Records for this exercise:

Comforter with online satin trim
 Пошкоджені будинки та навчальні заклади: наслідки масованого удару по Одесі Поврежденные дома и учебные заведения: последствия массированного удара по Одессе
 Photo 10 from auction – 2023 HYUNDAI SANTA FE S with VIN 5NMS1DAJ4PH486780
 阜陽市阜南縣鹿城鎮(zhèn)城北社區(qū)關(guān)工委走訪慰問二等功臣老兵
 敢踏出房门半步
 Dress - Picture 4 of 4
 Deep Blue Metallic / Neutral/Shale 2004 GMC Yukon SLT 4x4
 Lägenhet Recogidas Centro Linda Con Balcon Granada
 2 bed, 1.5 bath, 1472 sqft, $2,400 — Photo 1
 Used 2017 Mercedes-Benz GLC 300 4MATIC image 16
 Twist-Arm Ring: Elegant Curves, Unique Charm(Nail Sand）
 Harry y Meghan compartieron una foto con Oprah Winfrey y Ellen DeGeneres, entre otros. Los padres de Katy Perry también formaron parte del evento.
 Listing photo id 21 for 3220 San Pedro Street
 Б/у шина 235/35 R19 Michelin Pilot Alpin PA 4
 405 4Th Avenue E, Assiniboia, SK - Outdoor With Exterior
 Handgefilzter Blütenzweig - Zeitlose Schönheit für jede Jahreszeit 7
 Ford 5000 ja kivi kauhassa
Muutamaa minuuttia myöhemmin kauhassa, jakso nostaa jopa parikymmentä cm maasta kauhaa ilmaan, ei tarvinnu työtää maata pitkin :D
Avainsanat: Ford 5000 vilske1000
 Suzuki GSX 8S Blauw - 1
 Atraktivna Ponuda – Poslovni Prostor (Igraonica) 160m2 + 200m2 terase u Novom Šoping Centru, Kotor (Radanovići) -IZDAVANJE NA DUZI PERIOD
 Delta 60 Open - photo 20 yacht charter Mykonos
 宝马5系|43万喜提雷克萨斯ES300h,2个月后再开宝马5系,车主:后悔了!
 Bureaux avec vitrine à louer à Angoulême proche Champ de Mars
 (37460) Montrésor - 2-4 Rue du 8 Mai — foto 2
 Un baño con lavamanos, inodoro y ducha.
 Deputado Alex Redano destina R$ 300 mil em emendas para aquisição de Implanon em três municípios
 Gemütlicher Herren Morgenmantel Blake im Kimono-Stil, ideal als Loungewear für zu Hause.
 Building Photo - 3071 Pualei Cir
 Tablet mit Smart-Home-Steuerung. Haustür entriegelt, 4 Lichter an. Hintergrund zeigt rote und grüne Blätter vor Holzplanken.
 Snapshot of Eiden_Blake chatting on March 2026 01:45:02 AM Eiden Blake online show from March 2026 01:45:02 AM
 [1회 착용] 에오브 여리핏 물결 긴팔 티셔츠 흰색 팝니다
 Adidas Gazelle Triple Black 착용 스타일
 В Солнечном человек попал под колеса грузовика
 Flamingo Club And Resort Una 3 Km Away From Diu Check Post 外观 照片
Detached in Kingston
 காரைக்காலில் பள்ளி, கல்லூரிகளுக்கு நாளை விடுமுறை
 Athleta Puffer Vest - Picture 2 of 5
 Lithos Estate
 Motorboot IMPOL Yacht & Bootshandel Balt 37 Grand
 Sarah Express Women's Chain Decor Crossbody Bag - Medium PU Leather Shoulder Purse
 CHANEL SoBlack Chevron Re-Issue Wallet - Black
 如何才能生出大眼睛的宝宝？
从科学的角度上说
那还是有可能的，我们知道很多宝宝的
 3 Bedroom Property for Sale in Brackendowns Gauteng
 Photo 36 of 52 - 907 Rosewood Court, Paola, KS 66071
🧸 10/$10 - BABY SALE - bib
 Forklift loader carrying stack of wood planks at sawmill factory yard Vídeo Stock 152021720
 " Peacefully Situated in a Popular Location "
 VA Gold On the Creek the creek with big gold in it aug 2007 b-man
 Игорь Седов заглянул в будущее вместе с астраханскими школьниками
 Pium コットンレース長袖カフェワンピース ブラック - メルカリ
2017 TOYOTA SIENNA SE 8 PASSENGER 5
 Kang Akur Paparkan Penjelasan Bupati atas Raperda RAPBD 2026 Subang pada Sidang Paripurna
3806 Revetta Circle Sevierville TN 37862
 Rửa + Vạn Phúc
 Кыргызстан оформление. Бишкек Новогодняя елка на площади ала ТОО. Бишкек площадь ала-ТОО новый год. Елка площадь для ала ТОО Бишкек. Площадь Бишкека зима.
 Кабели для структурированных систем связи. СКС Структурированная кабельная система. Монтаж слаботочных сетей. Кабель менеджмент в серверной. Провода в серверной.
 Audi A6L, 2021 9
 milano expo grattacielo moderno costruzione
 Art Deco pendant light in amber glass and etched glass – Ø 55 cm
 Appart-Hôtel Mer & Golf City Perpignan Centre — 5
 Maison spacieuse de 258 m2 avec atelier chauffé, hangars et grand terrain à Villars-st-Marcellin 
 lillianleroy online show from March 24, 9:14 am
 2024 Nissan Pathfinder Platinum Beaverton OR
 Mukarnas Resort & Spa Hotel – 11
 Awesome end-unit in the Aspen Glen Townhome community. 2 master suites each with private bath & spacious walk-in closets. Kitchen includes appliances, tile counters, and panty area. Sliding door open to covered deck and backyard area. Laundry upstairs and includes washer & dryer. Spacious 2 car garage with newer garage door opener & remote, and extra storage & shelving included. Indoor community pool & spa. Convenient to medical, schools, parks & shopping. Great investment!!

What the task asks: Scan the entries above for the word "kauhassa" and collect each line holding it.

Expected output:
 Ford 5000 ja kivi kauhassa
Muutamaa minuuttia myöhemmin kauhassa, jakso nostaa jopa parikymmentä cm maasta kauhaa ilmaan, ei tarvinnu työtää maata pitkin :D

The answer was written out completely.